Begin at the top of the records below and print each line exactly until the line containing "リバーサイド南 1DKの間取図画像" has been printed; any pictures are to be left out.
(SOURCE DATA Opens)
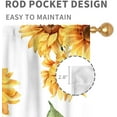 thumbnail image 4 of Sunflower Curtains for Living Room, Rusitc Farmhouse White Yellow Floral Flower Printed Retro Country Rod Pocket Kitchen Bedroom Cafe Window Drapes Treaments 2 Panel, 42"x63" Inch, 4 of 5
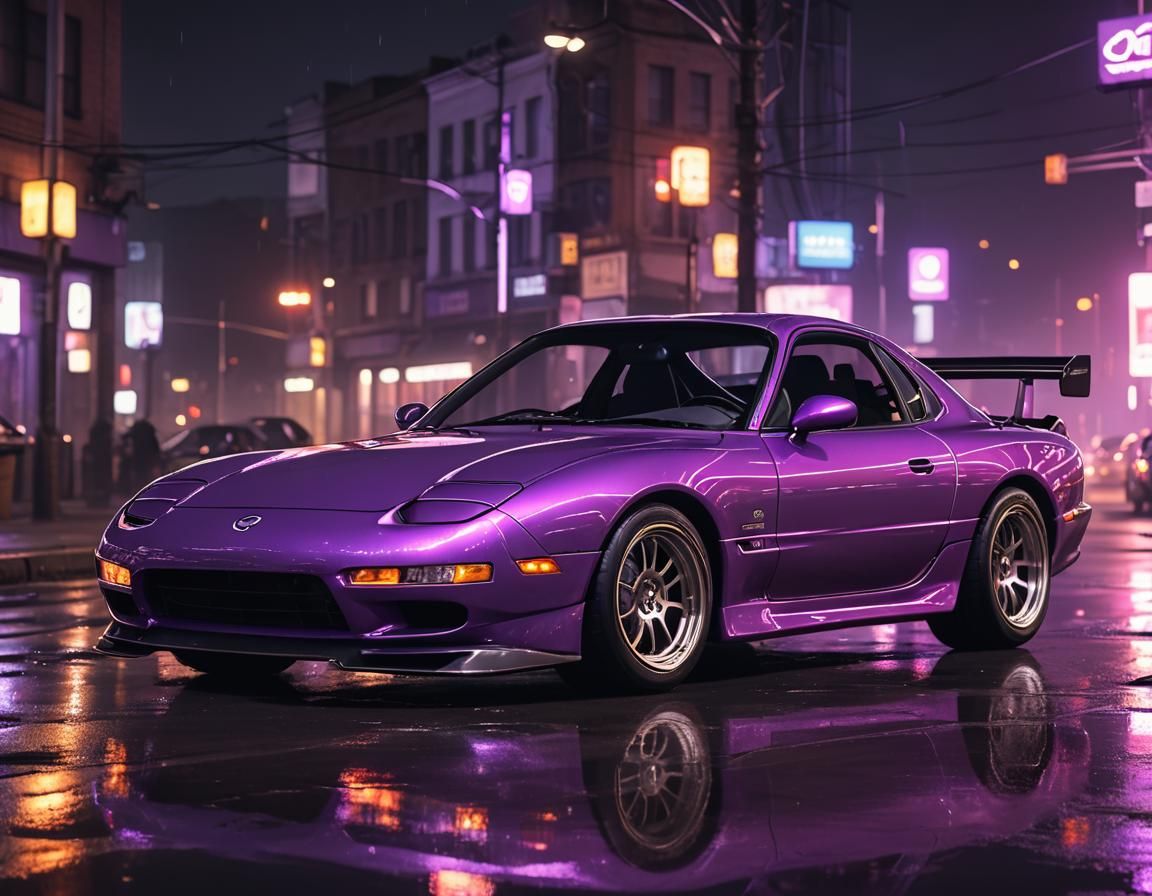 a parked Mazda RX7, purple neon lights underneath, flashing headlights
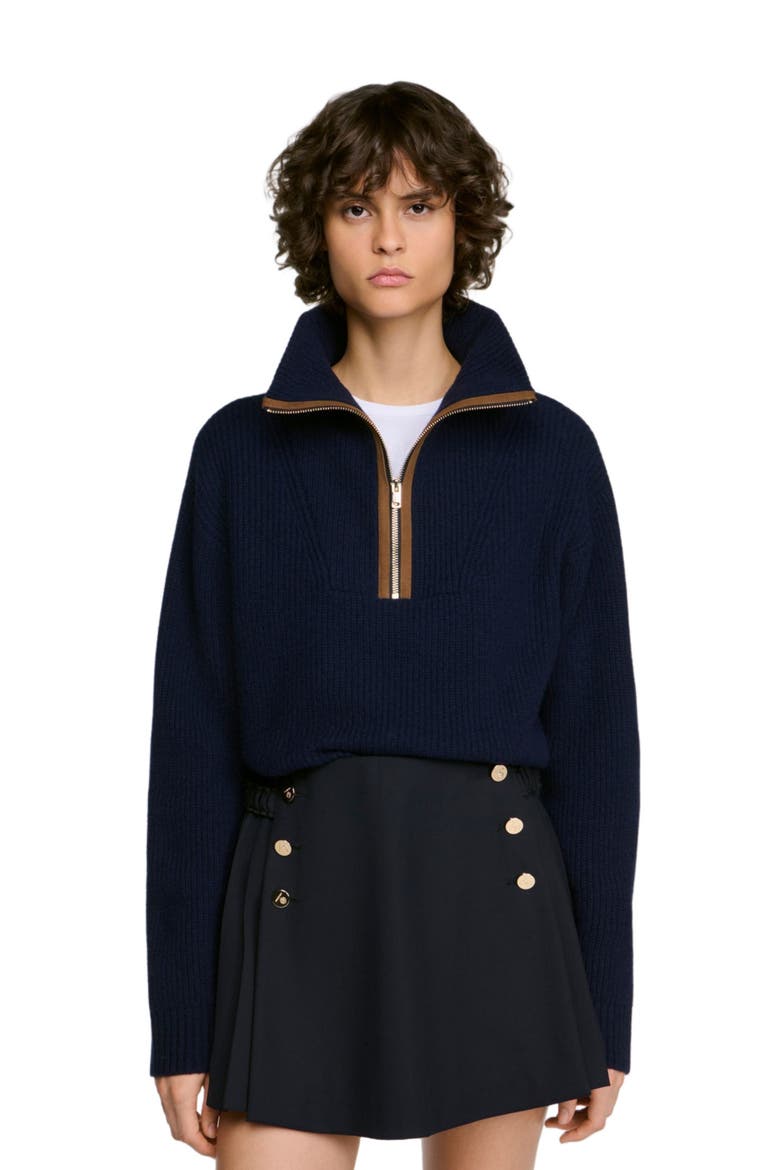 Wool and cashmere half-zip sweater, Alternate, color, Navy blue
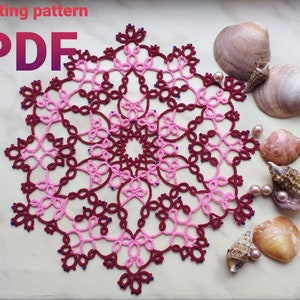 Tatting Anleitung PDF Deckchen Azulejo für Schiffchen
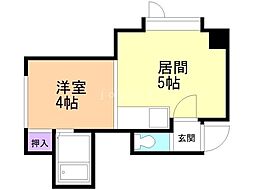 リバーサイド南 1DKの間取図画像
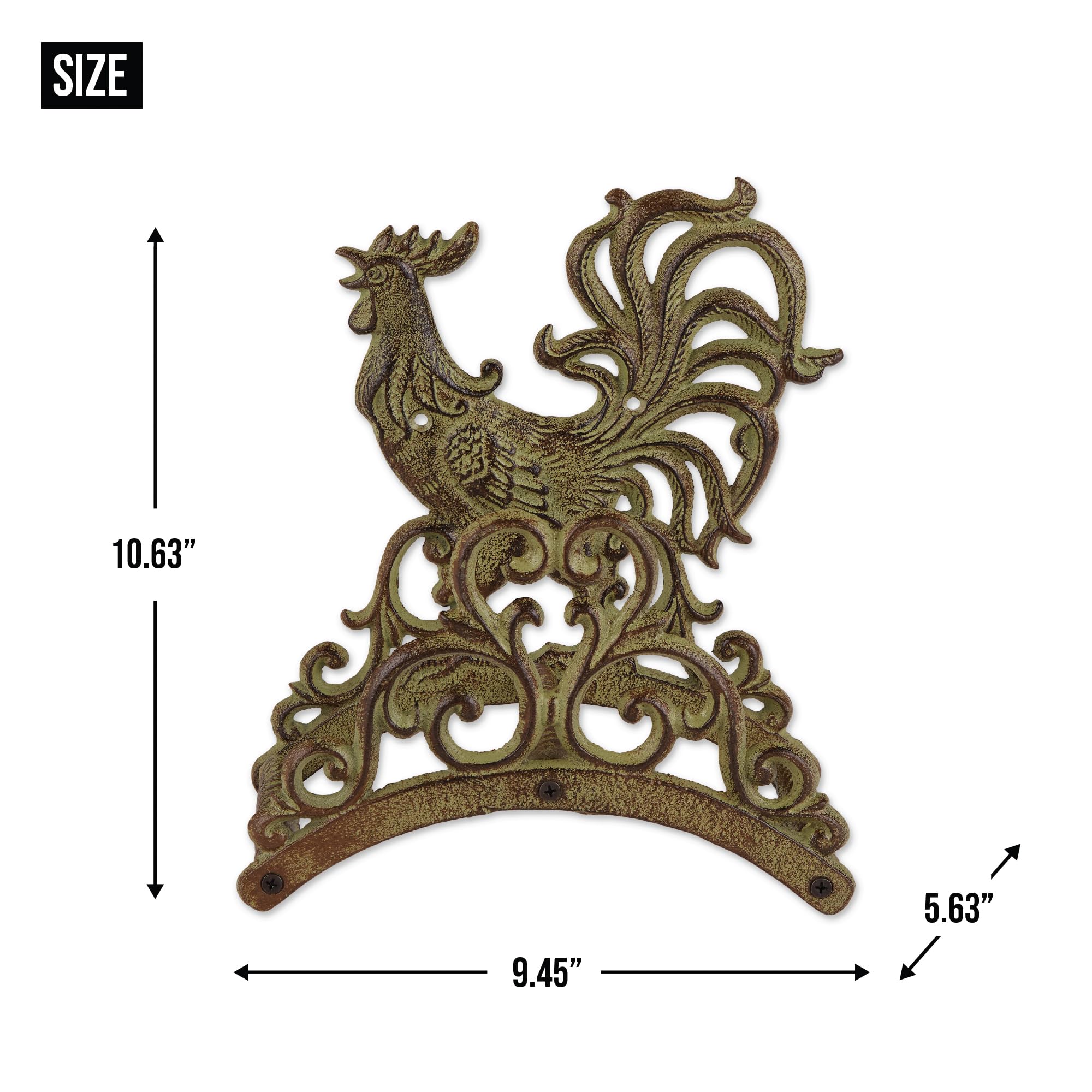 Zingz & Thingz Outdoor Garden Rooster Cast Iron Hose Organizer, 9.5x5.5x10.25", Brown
(SOURCE DATA Closes)
RESULT —
 thumbnail image 4 of Sunflower Curtains for Living Room, Rusitc Farmhouse White Yellow Floral Flower Printed Retro Country Rod Pocket Kitchen Bedroom Cafe Window Drapes Treaments 2 Panel, 42"x63" Inch, 4 of 5
 a parked Mazda RX7, purple neon lights underneath, flashing headlights
 Wool and cashmere half-zip sweater, Alternate, color, Navy blue
 Tatting Anleitung PDF Deckchen Azulejo für Schiffchen
 リバーサイド南 1DKの間取図画像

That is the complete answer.